In support of bigamy

I was reading Francis Bacon's essay 'Of Love'[1]. I thought I found something to write about by comparing our present knowledge of love and his views. However, when I started writing it went beyond my original scope. I had no control over its direction. So, I stopped (like so many of my other posts) abruptly and started this post. In this post my ambition is rather limited and simple.

Some of the points that he makes in the essay;

a. You may observe that amongst all the great and worthy persons there is not one that hath been transported to the mad degree of love; which shows that great spirits and great business do keep out this weak passion.
b. For it is a true rule that love is either rewarded either with the reciproque (reciprocal feeling) or with an inward and secret contempt
c. This passion hath his floods in the very times of weakness, which are great prosperity and great adversity (though this latter hath been less observed); both which times kindle love and make it more fervent, and therefore show it to be the child of folly.
d. There is in man's nature a secret inclination and motion towards love of others, which, if they it be not spent upon some one or a few, doth naturally spread itself towards many, and maketh men become humane and charitable.

According to a recent study[2];
e. love and lust are two different feelings. The regions of brain associated with them are mostly exclusive with only a small part overlapping.
f. love is stronger than lust
g. love is associated with motivation, reward and "drive" aspects (and not with lust or emotions)

According to a program that I saw on Discovery channel;
i. Regular sex releases enough oxytocin which is responsible for the bonding between couple.

My assumption:
j. Even though the researchers try to link love with procreation, I don't agree with that. I believe people love without being sexually attracted to each other and it goes well with (g). Conversely, people lust without being in love. I suppose nobody would argue on that one and is the central point of my arguments. From (i) I can say that love is not required for bonding and only regular sex between people in lust will create that magic.

I was going thro' Francis Bacon's life and found that
k. Historians have debated his sexuality and opined he was a homosexual
l. The woman he courted broke up with him and married his enemy in the court who was wealthier. Bacon years later was regretting that he couldn't marry her.

m.
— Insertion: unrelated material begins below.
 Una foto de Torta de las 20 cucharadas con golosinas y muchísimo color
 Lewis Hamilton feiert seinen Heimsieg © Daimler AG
If Francis Bacon was a homosexual, then it appears sexual orientation (lust) has no bearing on love. This is in agreement with (e). A homosexual person can feel heterosexual love. Of course, I'm considering (l) indicates he was in love with that woman. I can't say what is the prevalent notion about homosexual's love as it's a rather confused domain.

n. Bacon's opinion (c) doesn't go well with (g). I wonder why do you need motivation in the times of prosperity. I would think drive and motivation are required in the times of adversity. Only that I'm not sure of Bacon's definitions of prosperity and adversity. But considering that his observations were mostly of "martial" men, he could have said, men in adversity and men(even though prosperous) who were driven by adversities are likely to fall in love. This again goes well with (g).
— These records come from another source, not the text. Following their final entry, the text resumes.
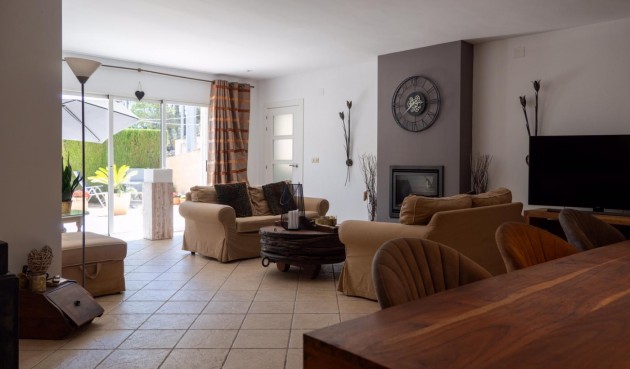 Resale - Villa -
La Nucía - Costa Blanca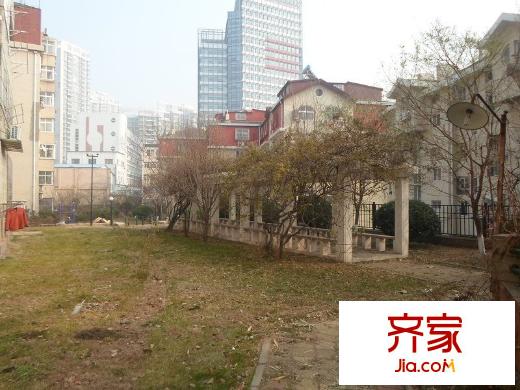 芝泉山莊外景圖 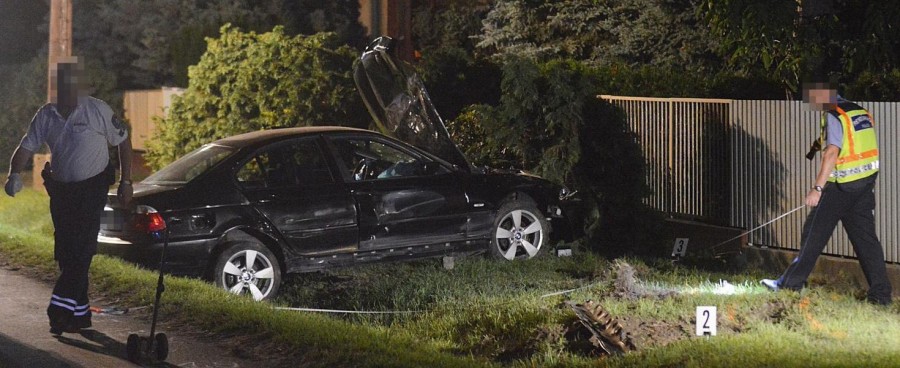 Tragikus baleset: kirepült egy 3 éves gyerek a BMW-ből, amikor az egy kerítésnek csapódott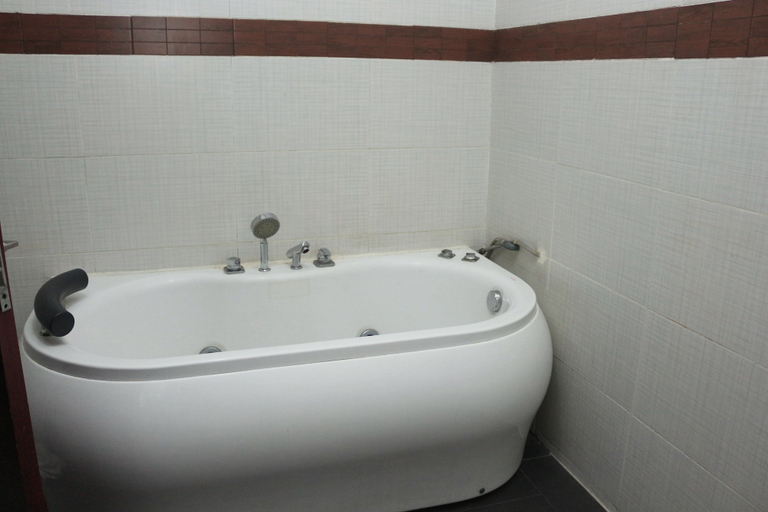 Bathroom 4, The Crib Lifestyle Hotel, Port Harcourt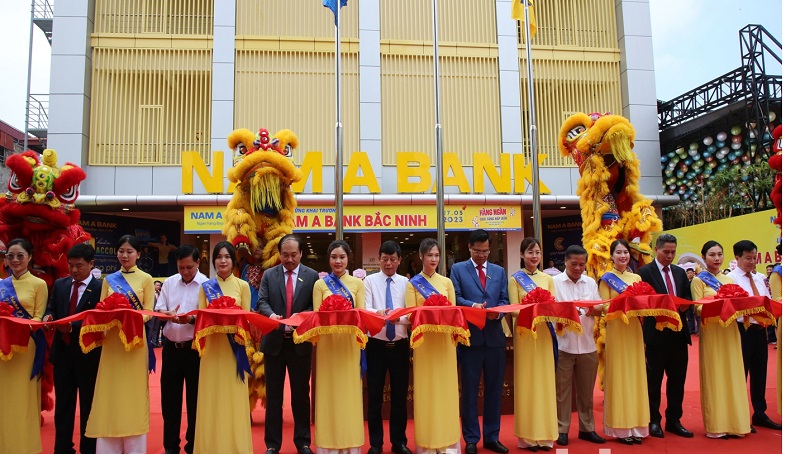 Phó Chủ tịch UBND tỉnh Ngô Tân Phượng cùng các đại biểu cắt băng khai trương Nam A Bank Bắc Ninh.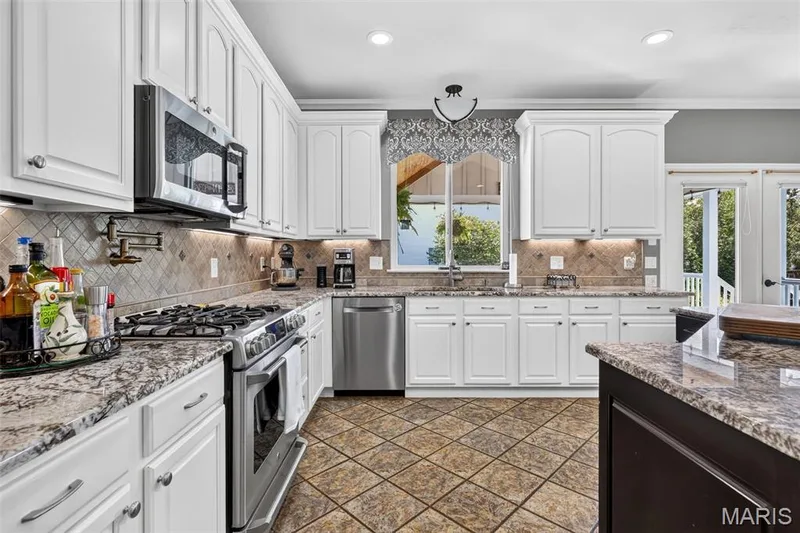 708 Lakeshore Manor Ct Court, Wildwood, MO 63038 — listing photo 26 of 69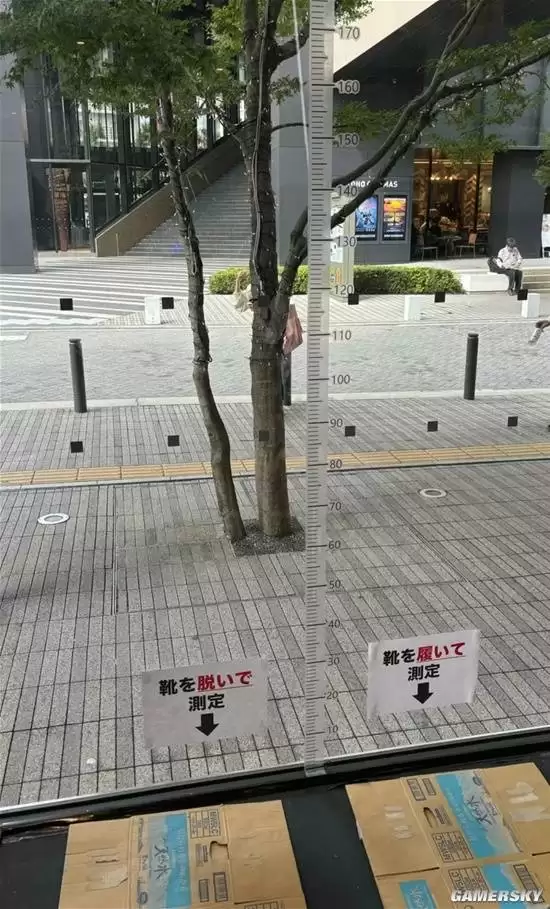 Live House禁穿厚底鞋 日本网友：长得矮就没人权？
o. I wonder what he meant by second part in (b). Does that have anything to do with his love betraying him for a wealthier man?
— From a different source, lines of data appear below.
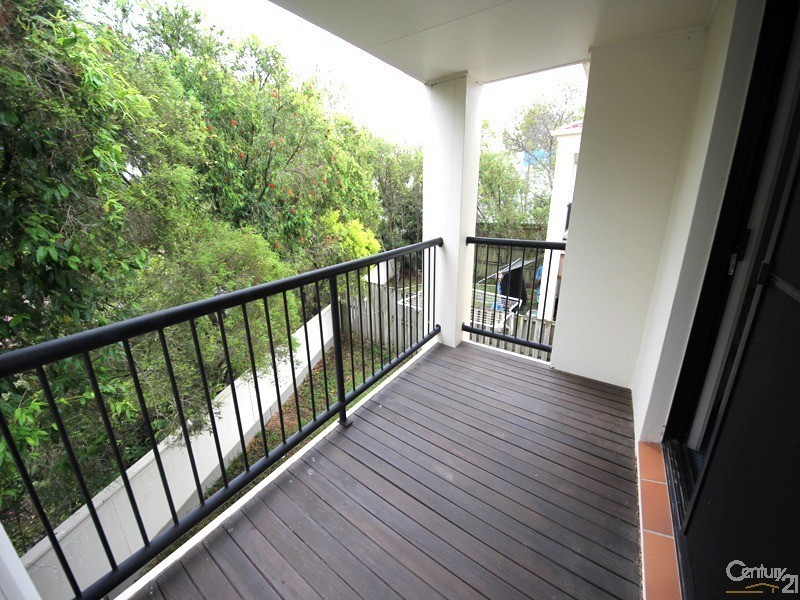 302/1 Gentian Drive, Arundel QLD 4214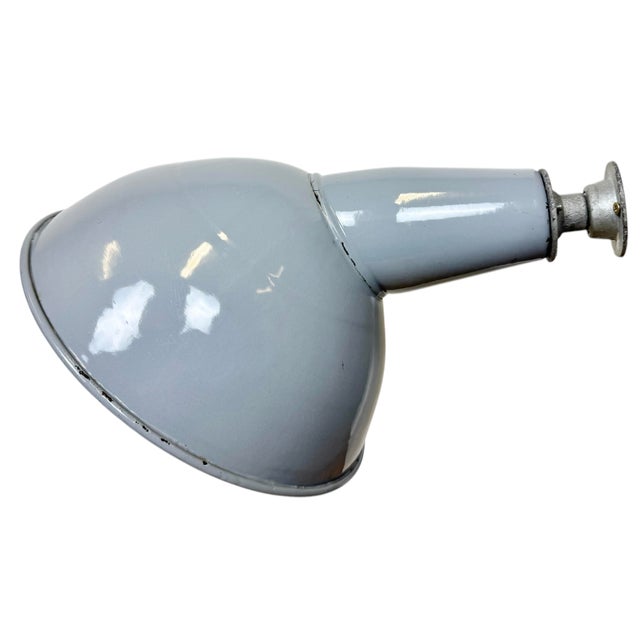 British Industrial Grey Enamel Factory Wall Lamp, 1960s For Sale - Image 18 of 18
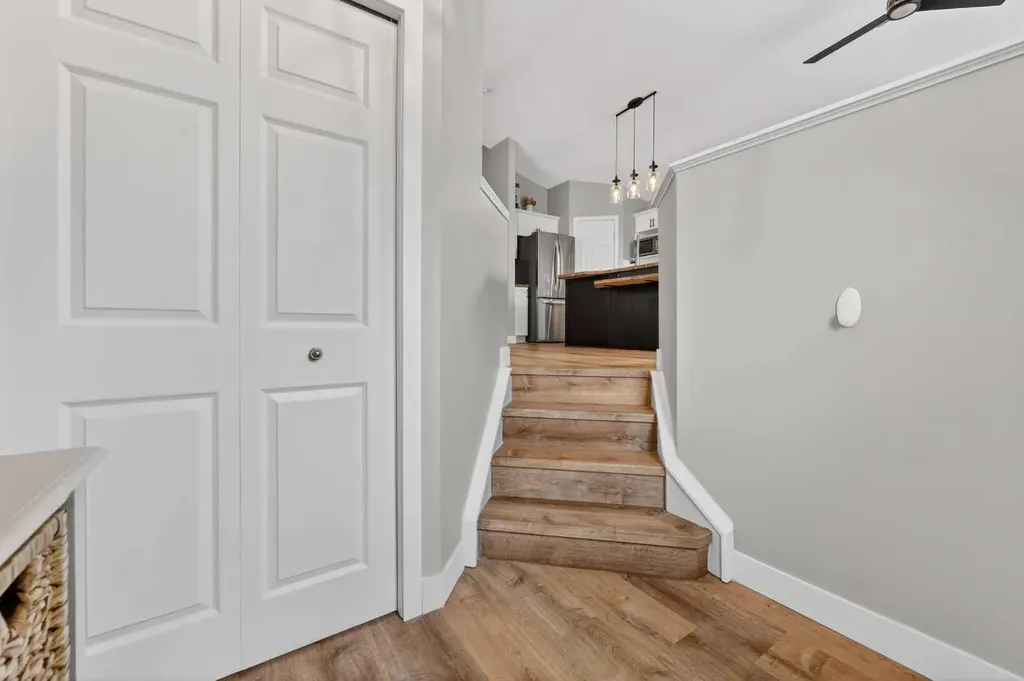 189 Copperfield Gardens SE Calgary AB T2Z4C2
p. Curiously, he connects love with altruism (d). The latter is rather controversial and still not fully understood.

q. (d) makes it very clear that in his opinion love and lust are two different feelings.

r. There was and even today there is a big chunk of population holds love and lust are the same.

s. If (e) and (q) are true, then even without scientific finding few men naturally understood the difference between these two because of their personal experience. That means love is not felt by everyone and that explains (r).

t. If (s) is true, a few other passions that motivate and drive people render this passion unnecessary. That makes (a) believable. But then why Bacon being one of those great men still felt love and even had a regret about its failure. Probably, I should give a stress to 'madly in love' in (a). So, everyone feels love even when s/he has other passions.

u. But (r) is still true. Then probably other notion that you fall in love only a selected few is true. So, it is possible that a great chunk of people may not feel love or more precisely may not meet their love at all in their life.

v. So not all men/women motivate you just like not all men/women arouse you.

Why does one need motivation? I started my last post trying to explain this point and totally exhausted and confused. All I can think it has something to do with our speech ability which has developed a tertiary personality (Secondary being modern human behaviour).

w. Of course, one can find love and lust with the same person. But the chances are very slim considering that you either lust for or love only a selected few.

x. My assumption here is heightened libido doesn't need a person but just body parts. Hence person married only for love may be able to have sex. I suppose for procreation and monogamous bonding person should follow his/her lust and not love.

y. Love should be asexual and lovers should be together. Lusters should only meet for the purpose of sex.